* _Activity_
Set down all of the data exactly. Pictures stay out of the copy.

* _Given entries_
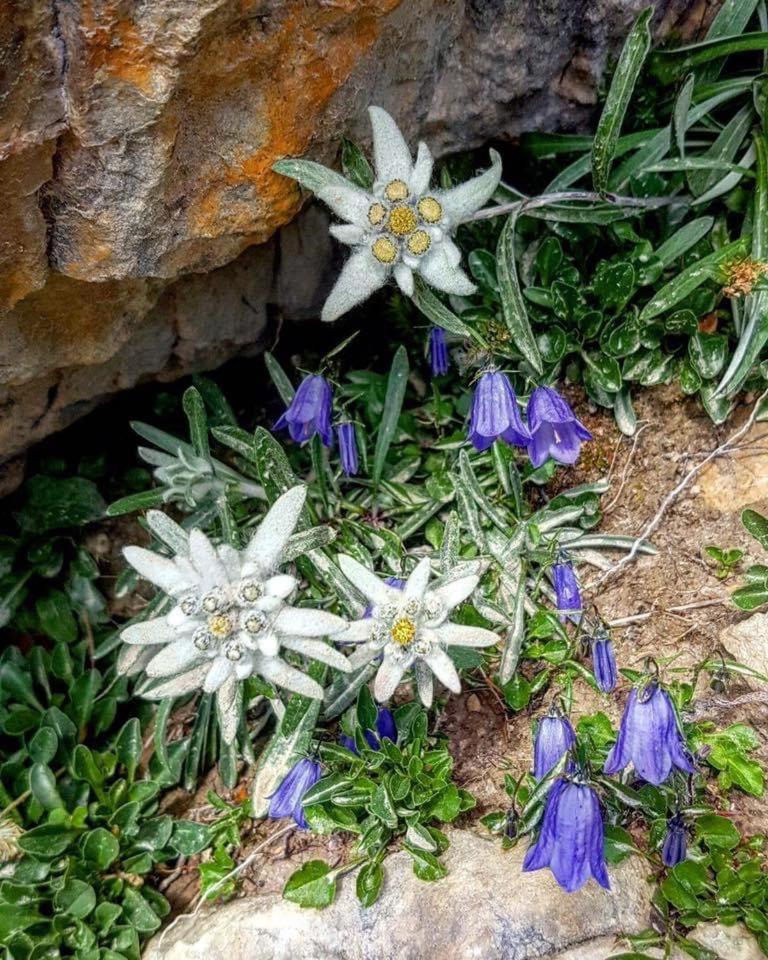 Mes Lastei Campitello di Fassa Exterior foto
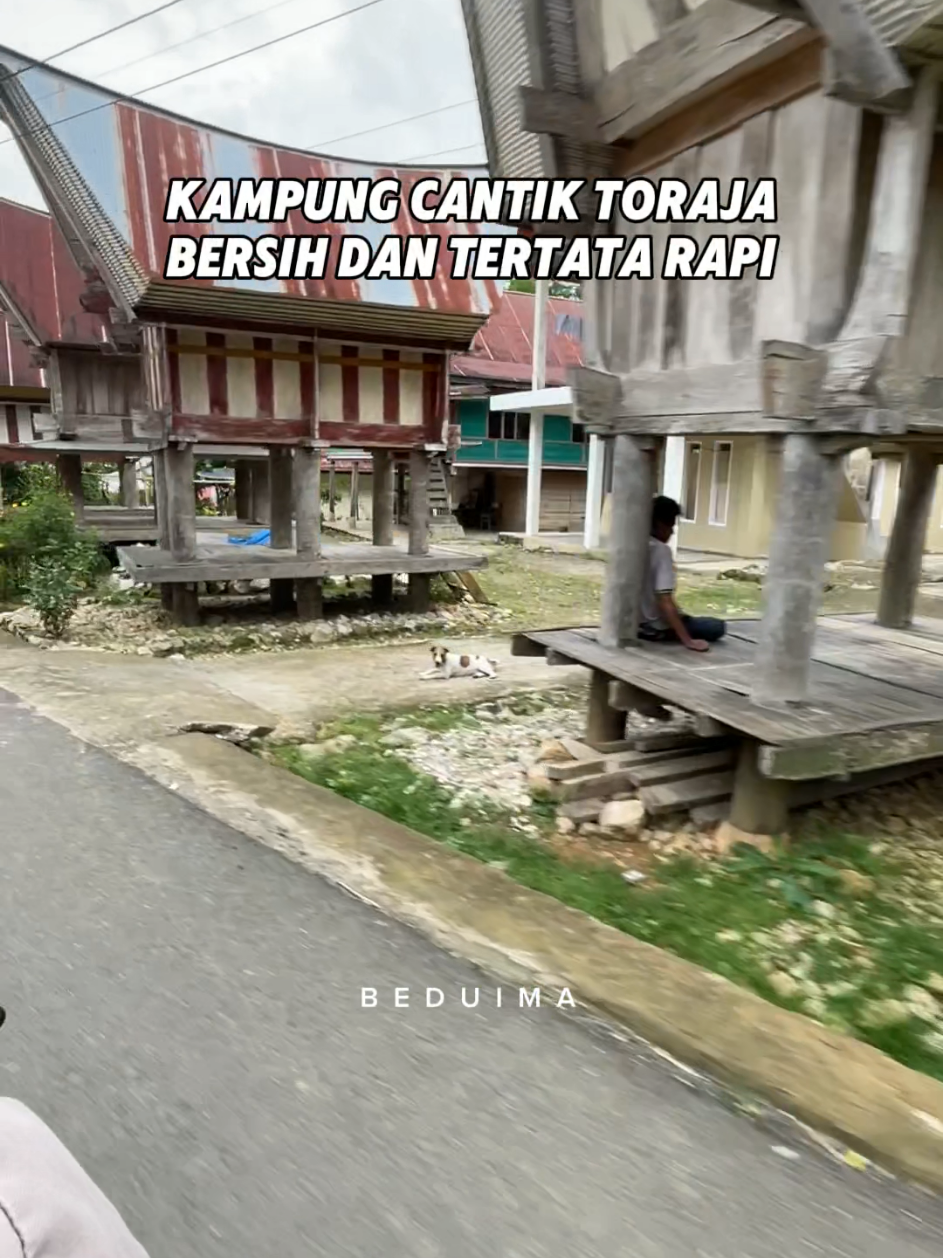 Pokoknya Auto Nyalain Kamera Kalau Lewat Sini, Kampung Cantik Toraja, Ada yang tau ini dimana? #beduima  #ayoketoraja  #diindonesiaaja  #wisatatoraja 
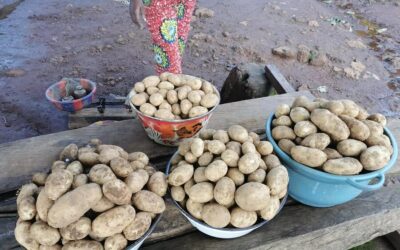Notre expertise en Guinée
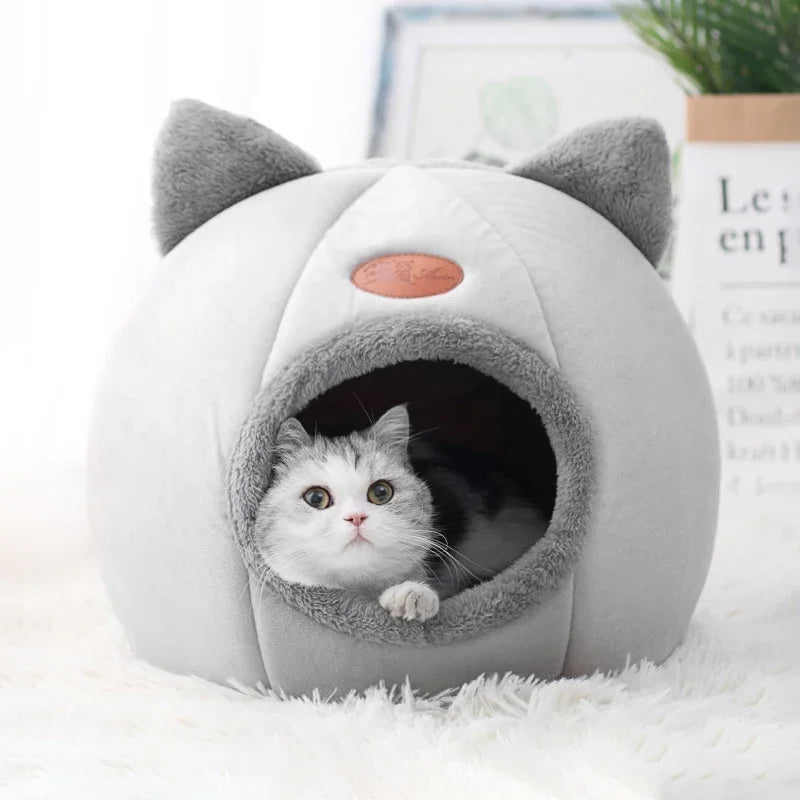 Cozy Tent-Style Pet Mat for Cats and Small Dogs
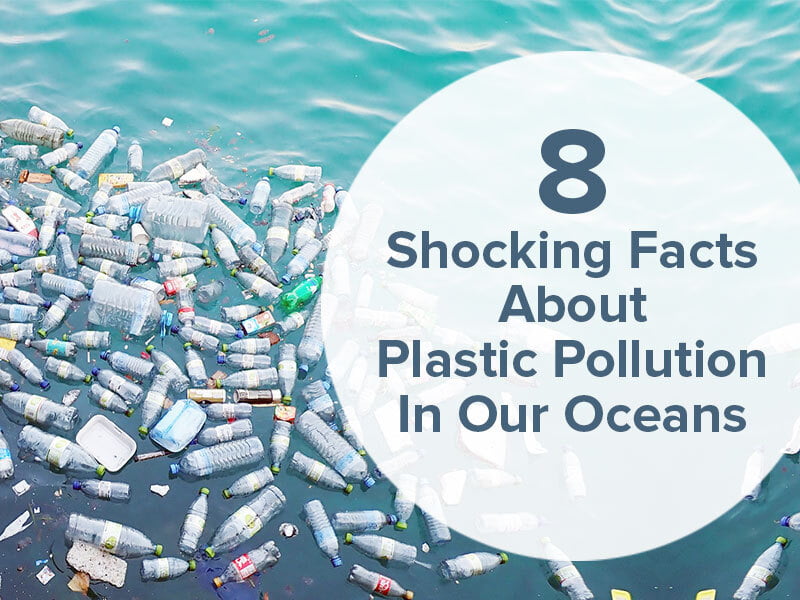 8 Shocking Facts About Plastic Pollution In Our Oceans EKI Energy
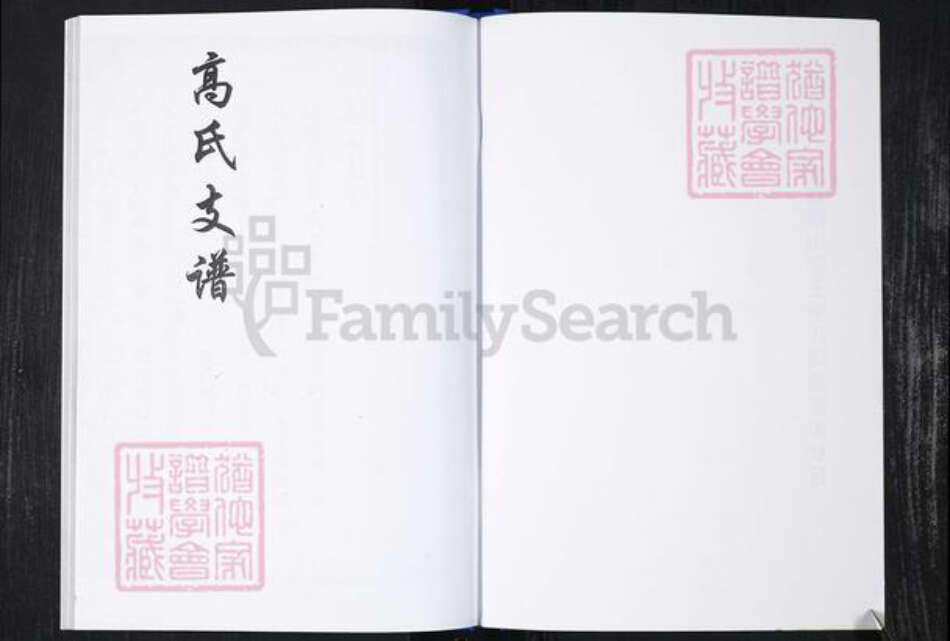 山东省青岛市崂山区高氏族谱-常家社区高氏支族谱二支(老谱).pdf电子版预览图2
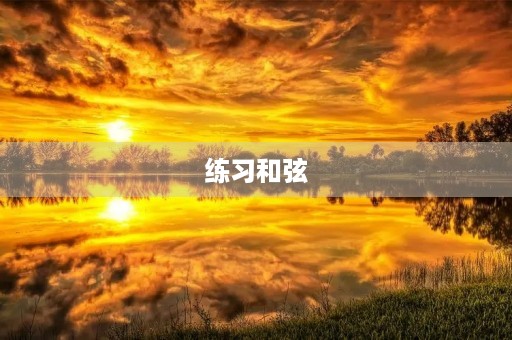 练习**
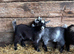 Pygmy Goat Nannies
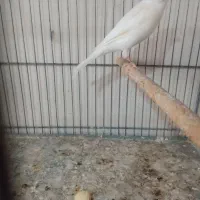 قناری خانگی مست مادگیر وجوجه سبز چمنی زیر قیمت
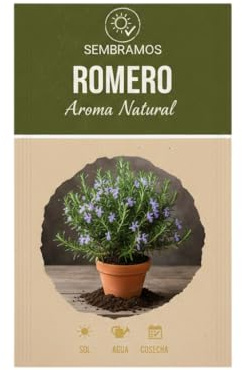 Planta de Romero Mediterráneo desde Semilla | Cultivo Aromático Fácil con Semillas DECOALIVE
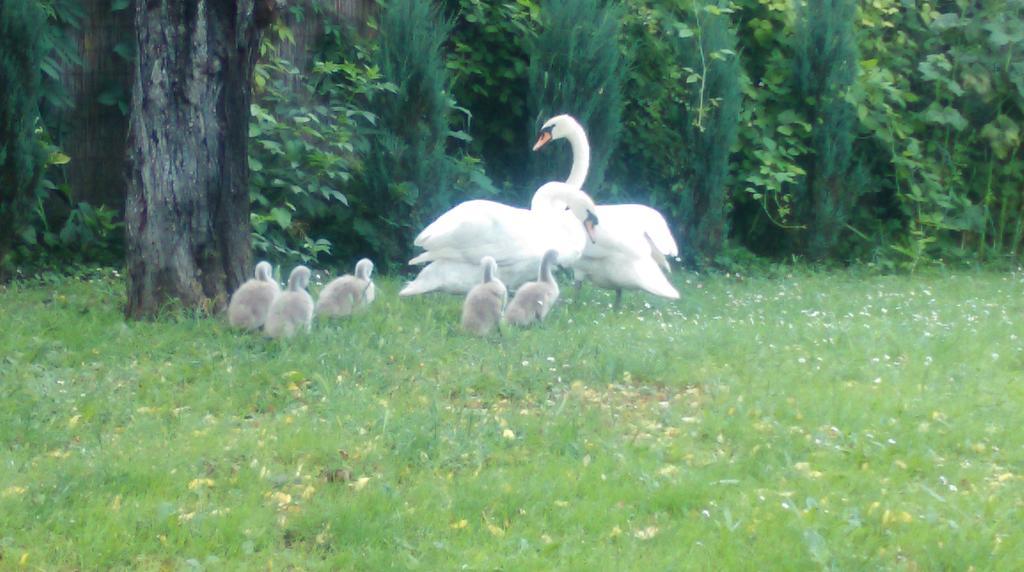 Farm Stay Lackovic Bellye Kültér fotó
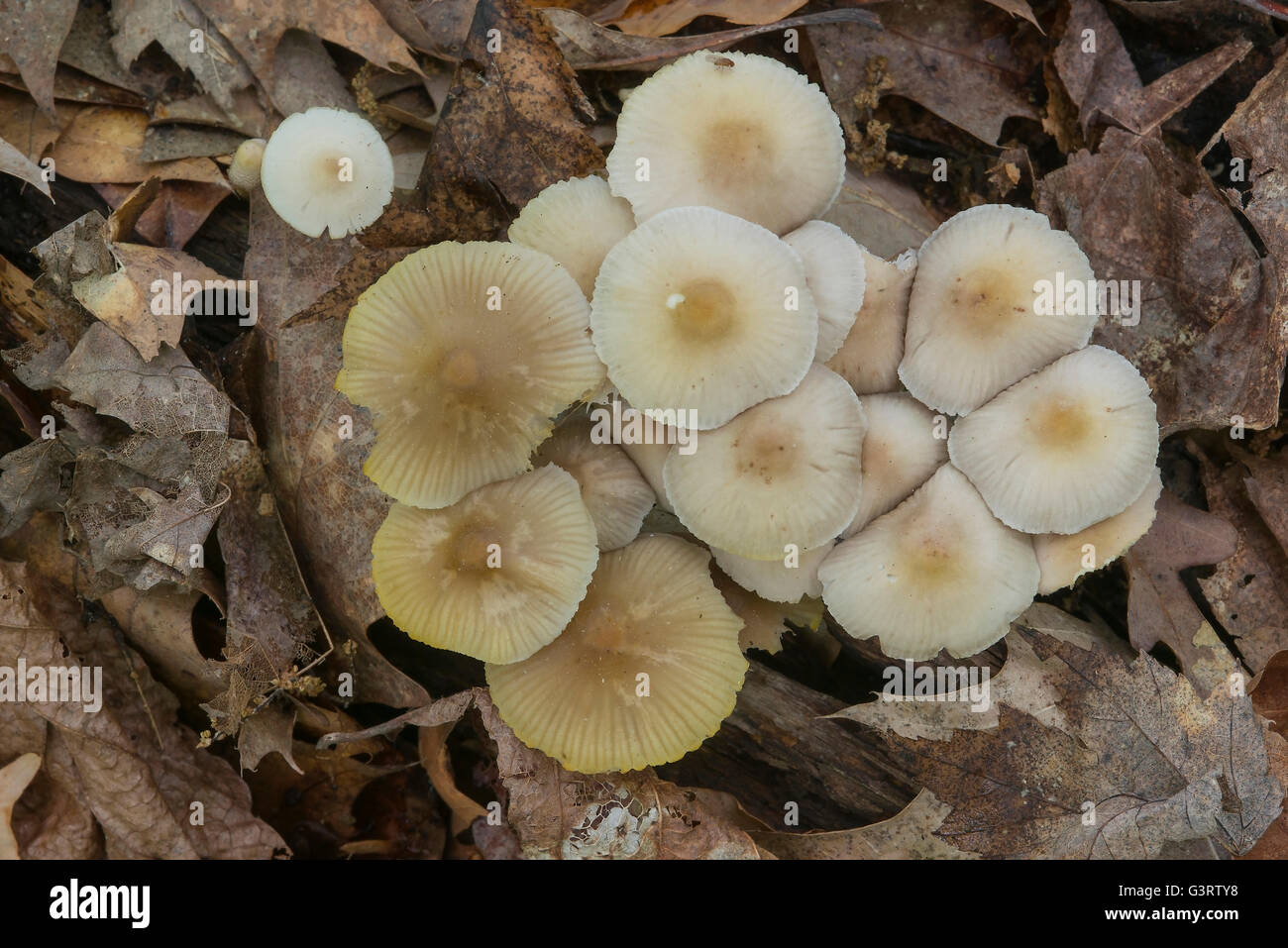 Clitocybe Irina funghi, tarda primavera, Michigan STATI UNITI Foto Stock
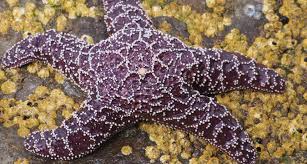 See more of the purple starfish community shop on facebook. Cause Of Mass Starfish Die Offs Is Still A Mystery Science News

* _Answer section_
 Mes Lastei Campitello di Fassa Exterior foto
 Pokoknya Auto Nyalain Kamera Kalau Lewat Sini, Kampung Cantik Toraja, Ada yang tau ini dimana? #beduima  #ayoketoraja  #diindonesiaaja  #wisatatoraja 
Notre expertise en Guinée
 Cozy Tent-Style Pet Mat for Cats and Small Dogs
 8 Shocking Facts About Plastic Pollution In Our Oceans EKI Energy
 山东省青岛市崂山区高氏族谱-常家社区高氏支族谱二支(老谱).pdf电子版预览图2
 练习**
 Pygmy Goat Nannies
 قناری خانگی مست مادگیر وجوجه سبز چمنی زیر قیمت
 Planta de Romero Mediterráneo desde Semilla | Cultivo Aromático Fácil con Semillas DECOALIVE
 Farm Stay Lackovic Bellye Kültér fotó
 Clitocybe Irina funghi, tarda primavera, Michigan STATI UNITI Foto Stock
 See more of the purple starfish community shop on facebook. Cause Of Mass Starfish Die Offs Is Still A Mystery Science News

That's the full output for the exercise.